Quant à moi, qui ne suis plus rien, rien de rien, je ne regrette rien, me voilà néanmoins quasiment désespéré : à l'instar du cher Christian, le directeur de la revue Golias, lui aussi souvent menacé du terrible châtiment, je rêve - mais en vain jusqu'à ce jour - de cette ultime consécration : être enfin excommunié. Pas une petite excommunication vénielle, pour une lichette de beurre ou deux gouttes d'eau bénite, non, une vraie, une mortelle, une éternelle excommunication. Hélas, depuis plus de trente ans, cette gloire posthume m'est refusée de mon vivant. Deux journalistes, au nom de leur éthique, viennent de snober la Légion d'Honneur (bravissimo les filles !) ; eh bien moi, si l'Eglise me proposait sa malédiction suprême, j'accepterais, je courrais à Rome, je tomberais à genoux devant Benedetto et, de reconnaissance, après avoir baisé respectueusement ses glorieuses et coûteuses mules, je les arroserais céans de mes larmes de pute non repentie mais infiniment et catholiquement et éternellement reconnaissantes. Mais, Dieu me les sectionne ! je ne vois toujours rien venir après tant d'efforts, tant de persévérance, tant de reniement assidu. Défroqué, apostat, athée, divorcé, pédé… que me manque-t-il donc pour mériter la palme de l'infamie suprême ? Et dire que certaine amie très chère du Lot-et-Garonne me porte dans son cœur, m'affirme que je trouve encore grâce à ses yeux ?! C'est à n'y rien comprendre. Peut-être que, une fois jeté mon froc aux orties, je ressemble de plus en plus en vieillissant à l'enfant innocent que j'étais. Hier encore, je m'interrogeais : quel gosse étais-je donc, surtout aux yeux de maman ? Je n'ai trouvé que trois adjectifs : gentil, serviable, équanime. Pas de quoi mériter l'excommunication… ni d'ailleurs la béatification.

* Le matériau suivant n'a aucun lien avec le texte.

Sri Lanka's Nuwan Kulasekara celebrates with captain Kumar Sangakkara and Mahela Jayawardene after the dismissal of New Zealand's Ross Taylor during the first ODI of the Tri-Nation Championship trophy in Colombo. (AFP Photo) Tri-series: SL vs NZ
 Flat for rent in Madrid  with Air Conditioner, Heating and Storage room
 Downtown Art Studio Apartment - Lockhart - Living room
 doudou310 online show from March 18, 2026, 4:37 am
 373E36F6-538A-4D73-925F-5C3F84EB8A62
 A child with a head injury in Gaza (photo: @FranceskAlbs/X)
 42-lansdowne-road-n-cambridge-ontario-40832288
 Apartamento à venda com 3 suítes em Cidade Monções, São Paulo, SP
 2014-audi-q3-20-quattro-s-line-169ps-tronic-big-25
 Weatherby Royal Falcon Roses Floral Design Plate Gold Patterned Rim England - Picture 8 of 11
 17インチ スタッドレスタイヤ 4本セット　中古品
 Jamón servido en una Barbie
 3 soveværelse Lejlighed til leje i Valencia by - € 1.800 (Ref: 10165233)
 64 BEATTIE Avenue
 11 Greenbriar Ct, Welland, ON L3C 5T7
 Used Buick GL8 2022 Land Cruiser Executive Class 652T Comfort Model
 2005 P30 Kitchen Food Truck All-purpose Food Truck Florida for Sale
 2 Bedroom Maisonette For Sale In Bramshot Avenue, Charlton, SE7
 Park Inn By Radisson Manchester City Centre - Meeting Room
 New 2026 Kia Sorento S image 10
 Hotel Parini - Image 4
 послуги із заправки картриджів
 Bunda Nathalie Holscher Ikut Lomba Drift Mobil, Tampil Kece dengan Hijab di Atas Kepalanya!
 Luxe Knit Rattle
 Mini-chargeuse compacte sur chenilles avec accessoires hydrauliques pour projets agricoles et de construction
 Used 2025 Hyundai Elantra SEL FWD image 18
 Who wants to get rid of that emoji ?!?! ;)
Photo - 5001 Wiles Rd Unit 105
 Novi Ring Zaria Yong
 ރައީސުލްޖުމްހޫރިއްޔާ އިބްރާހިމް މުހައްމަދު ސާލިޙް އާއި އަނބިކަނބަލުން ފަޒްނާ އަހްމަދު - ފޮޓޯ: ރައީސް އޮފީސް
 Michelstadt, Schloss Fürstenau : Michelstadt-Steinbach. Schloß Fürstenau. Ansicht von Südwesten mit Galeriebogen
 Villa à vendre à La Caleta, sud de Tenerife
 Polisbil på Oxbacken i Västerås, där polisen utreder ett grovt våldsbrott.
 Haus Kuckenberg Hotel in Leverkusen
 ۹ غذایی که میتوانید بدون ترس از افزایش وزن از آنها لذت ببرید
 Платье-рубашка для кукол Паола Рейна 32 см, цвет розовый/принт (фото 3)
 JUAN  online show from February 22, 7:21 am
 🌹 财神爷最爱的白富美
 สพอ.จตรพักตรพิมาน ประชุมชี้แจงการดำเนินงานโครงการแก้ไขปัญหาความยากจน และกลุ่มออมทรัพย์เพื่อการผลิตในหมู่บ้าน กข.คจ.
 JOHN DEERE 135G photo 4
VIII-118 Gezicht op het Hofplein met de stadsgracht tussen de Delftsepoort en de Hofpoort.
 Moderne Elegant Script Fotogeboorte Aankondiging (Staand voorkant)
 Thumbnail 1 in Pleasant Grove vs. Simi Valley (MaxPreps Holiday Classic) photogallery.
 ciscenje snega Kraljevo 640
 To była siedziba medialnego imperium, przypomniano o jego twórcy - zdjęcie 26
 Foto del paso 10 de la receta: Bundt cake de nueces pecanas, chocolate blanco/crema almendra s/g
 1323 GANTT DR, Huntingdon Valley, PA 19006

En attendant, merci à toi, chère « pièce détachée » ! Et un bon conseil : pour faire redémarrer la machine humaine qui se grippe et qui geint, va voir ailleurs, ma fille, au plus pressé, n'importe où mais ailleurs, loin des églises et des sacristies – qu'ils se débrouillent entre eux, les curés ! Ta résolution était la bonne. Mais voilà que je prêche à nouveau, Dieu me culbute ! et que je ne fais pas moi-même ce que je conseille charitablement aux autres, puisque je n'en aurai décidément jamais fini avec mon dépit et mon mépris. Même si c'est en jouant un brin, en en rajoutant, en faisant d'horrifiques grimaces à notre Sainte Mère Eglise à Rome, si vieille, si laide, si acariâtre, en grand gosse fanfaron qui joue encore à Robin des Bois et s'imagine pouvoir combattre les clercs félons avec son épée en carton !



« Il y a des choses dont on ne parle pas spontanément : ridicule ! Qui cela pourrait-il bien intéresser ! Avec toutes les horreurs planétaires quotidiennes et répétées, on a bien assez à faire ! Qu'ils se débrouillent entre eux, les curés !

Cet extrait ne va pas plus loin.